Donald Trump’s government is looking for ways out in order to avoid the court order that blocked the construction of two sections of the border fence in Arizona and Texas and announced today a court appeal.
The lawyers representing the State are trying to settle in another instance, the California court order in order to obtain an injunction allowing the Trump administration to continue with the construction of the two segments of the Mexican border wall until the judicial authorities issue a final judgment on the case.
The appeal was presented Monday night as a way to look for a way to continue the construction of the two sections of the wall in Arizona and Texas, respectively, avoiding Judge Haywood Gilliam´s decision of the courts of Oakland (California), who ordered to block the project on May 24.
Magistrate Haywood Gilliam agreed to a coalition of 20 states, most governed by Democrats, an environmental organization and a civil rights organization, which had sued the federal government.
According to a comment transcribed by the Politico newspaper, the Justice Department said that the mandate threatens to deprive (the Department of Defense) of its authorization to use its funds destined to finalize the projects at the ports of entry of El Paso and Yuma, since it will surely expire during this appeal process.

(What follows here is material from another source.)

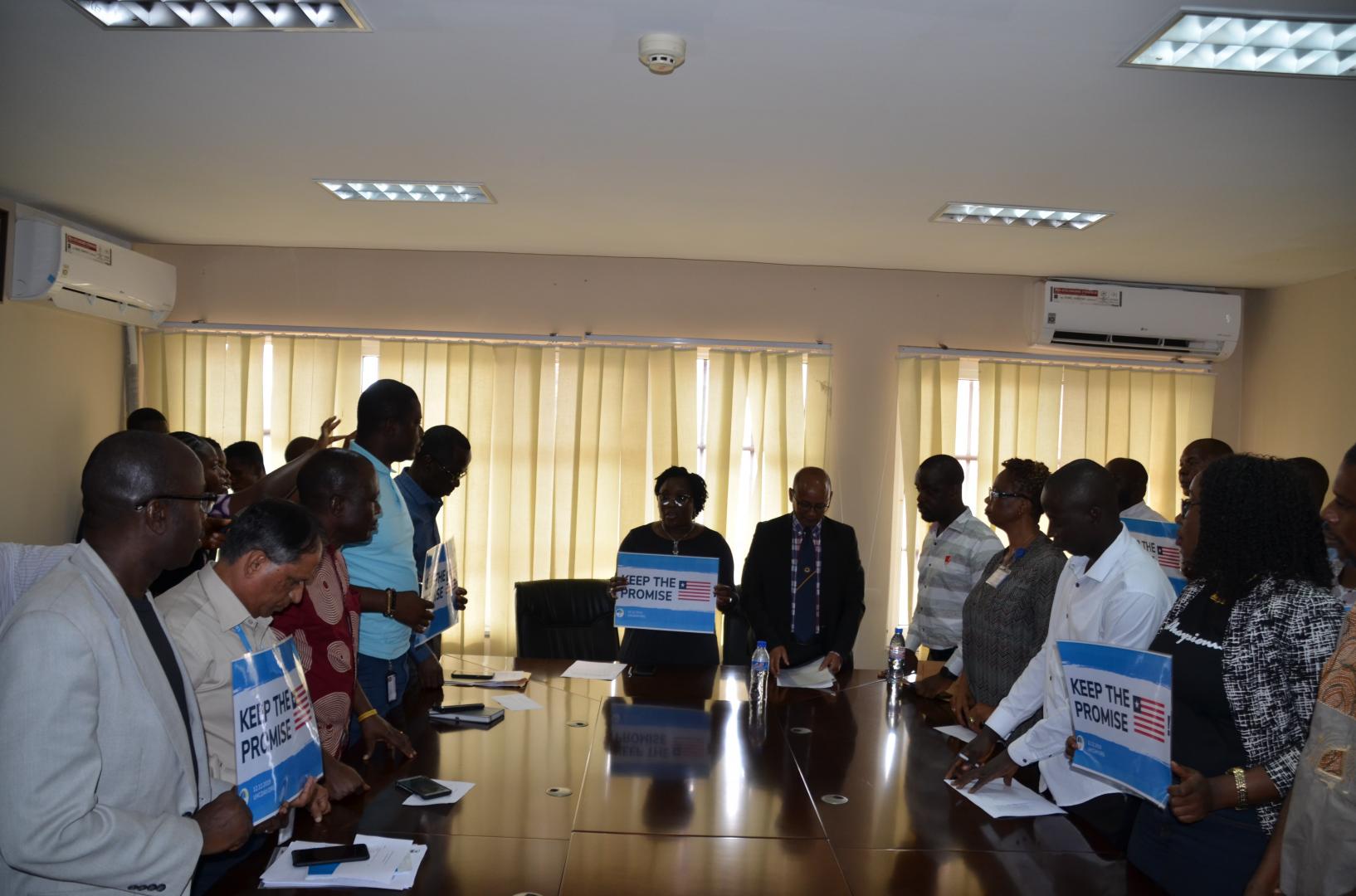 Stakeholders at the UHC Day program reaffirming their committment to Keep the Promise  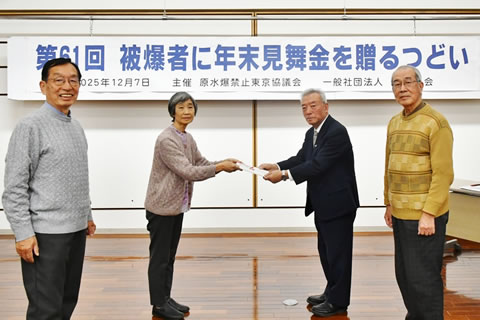 会場前方に立つ、見舞金の封筒を手渡す東京原水協の2名と受け取る東友会の2名。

In the long historical line of the “wall”, it stands out an item of $1,3 billion for the renovation of the existing wall, approved in February by the Congress, a number that was far from the $5,7 billion that Trump had requested. This made the president to declare a national emergency at the Southern border in order to obtain these funds without the need of the legislature authorization.
With the national emergency, the Government reallocated to the wall some $6,7 billion, previously approved by the Pentagon and the Department of the Treasury , which added to the $1,3 billion that the Congress destined to that project, should serve for the construction of some 376 kilometers of wall and allow the President to begin to fulfill his main campaign promise.
The building of a wall on the U.S.-Mexico border was one of Trump’s main campaign promises in the 2016 elections and one of the measures that most opposition and media attention has raised both in the U.S. and the rest of the world.